Mining jams into pollution: how Waze data helps estimating air pollution in large cities
MetadataShow full item record
Air pollution has been a growing worry of international medical organizations and governments due its relation with a large number of respiratory diseases, among other effects. This work proposes an open, crowdsourced, scalable methodology to model spatial air pollution in cities worldwide. We use both Waze and Open Street Maps data to construct a collection of features aimed to model car emissions in (large) cities. Waze data carries information about all jammed road segments of a region for every two minutes and Open Street Maps (OSM) is an open source, detailed, dynamically updated, spatial database of mapped features.
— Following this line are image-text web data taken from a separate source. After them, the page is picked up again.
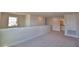 Open loft area with a view of the surroundings at 4538 Grandview Glen Dr, Auburndale, FL 33823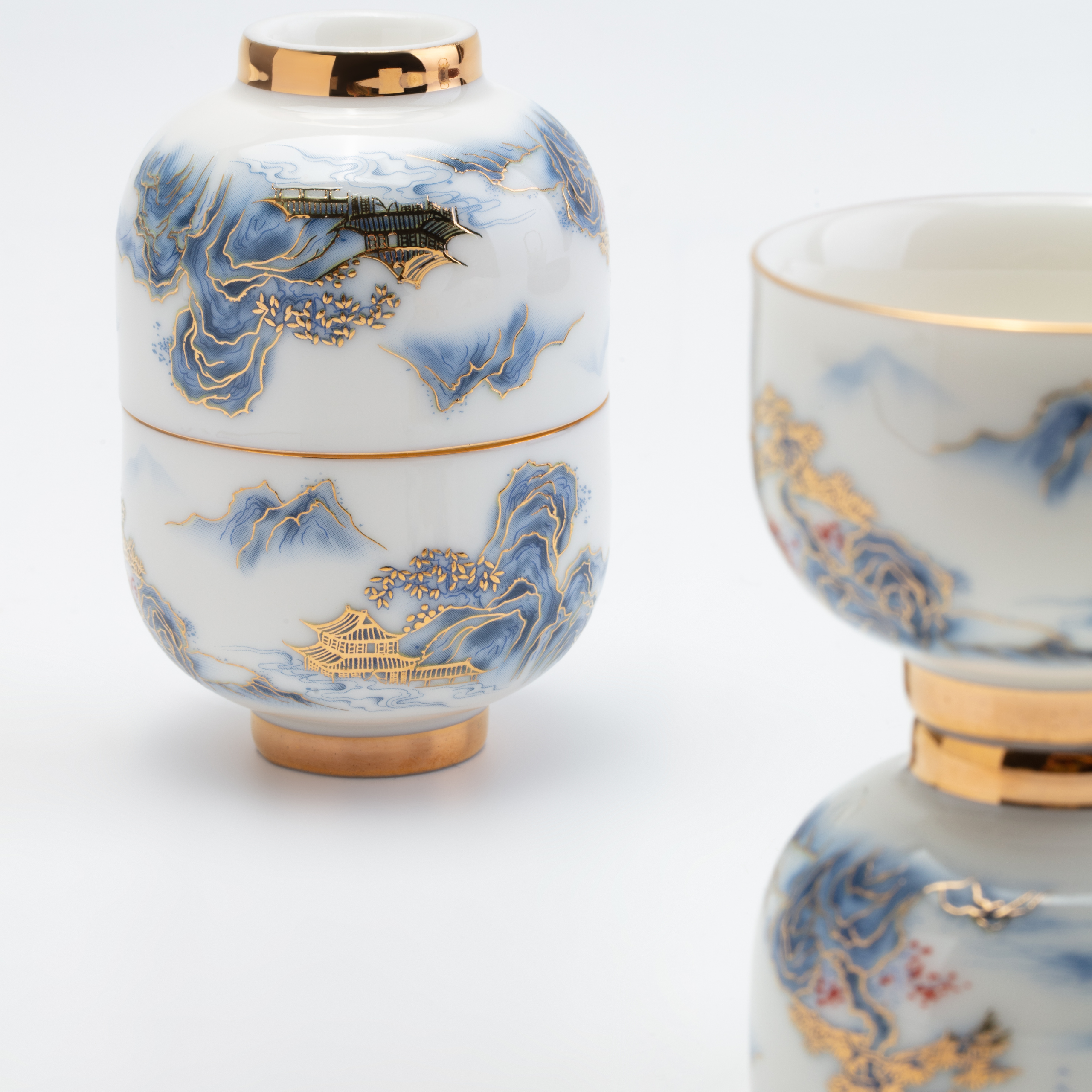 Ceramic jar and cup with blue and gold artistic designs on a white background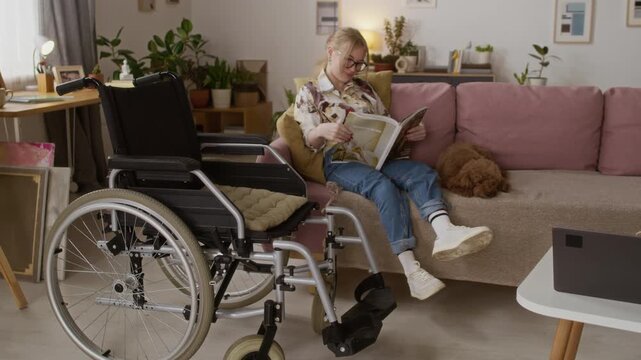 Blonde girl with disability sitting on couch with her pet and reading magazine in living room, with black wheelchair in foreground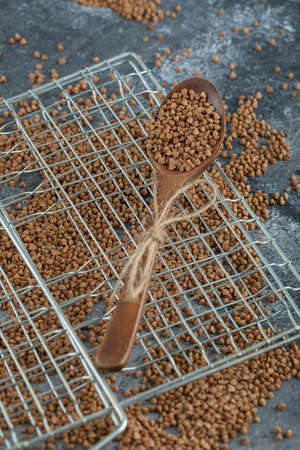 Wooden spoon full of raw buckwheat on marble surfaceの写真素材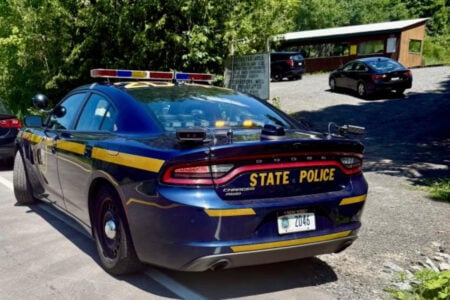 New York State Police car parked on pavement near a small building and green trees.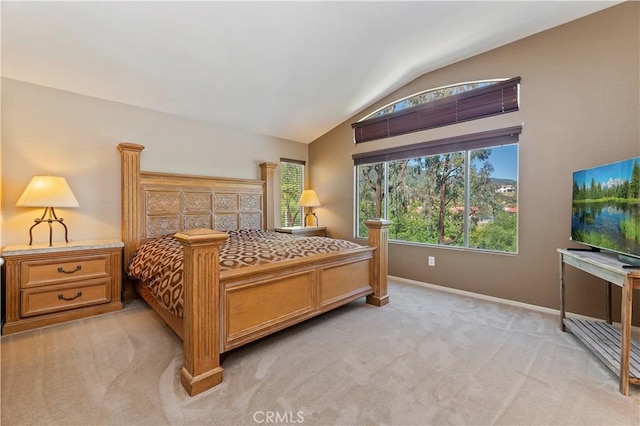 bedroom featuring vaulted ceiling, light carpet, multiple windows, and baseboards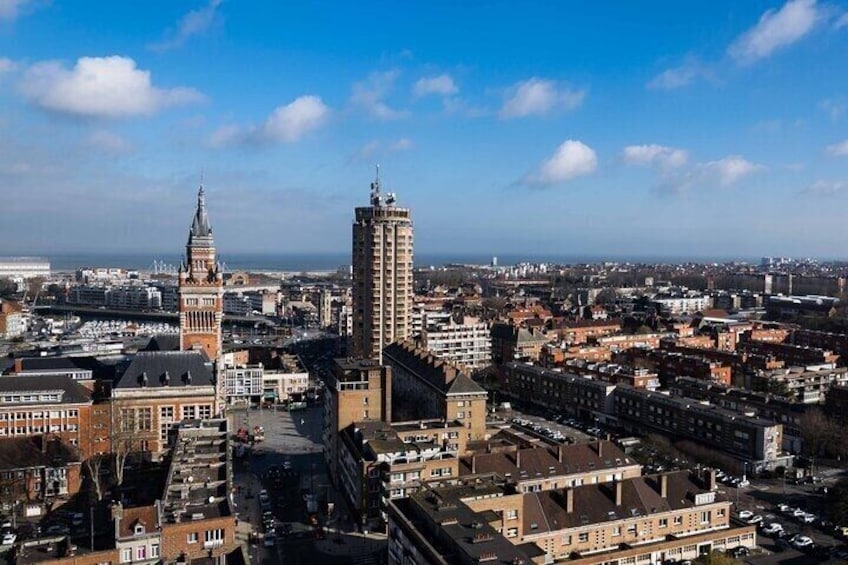 A cityscape with a prominent clock tower, a tall modern building, and dense urban architecture. 1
Our model is trained using data from a 30 sq km region of Oakland, California in the United States of America. The dependent variables are the annual concentration of fine grained black carbon, nitric oxide, and nitrogen dioxide. The features are aggregated in hexagons with a 173 meters edge. We notice that pollutant concentration between hexagons follows a power law and high concentration is associated with the presence of highways. We estimate four models: simple linear regression where the only feature is the presence of a highway in the hexagon, multiple linear regression, random forest, and XGBoost. The latter yields better results in the validation set for black carbon, NO and NO2. Finally, we extrapolate the model for Montevideo, Uruguay and observe adherence to what is expected in practice.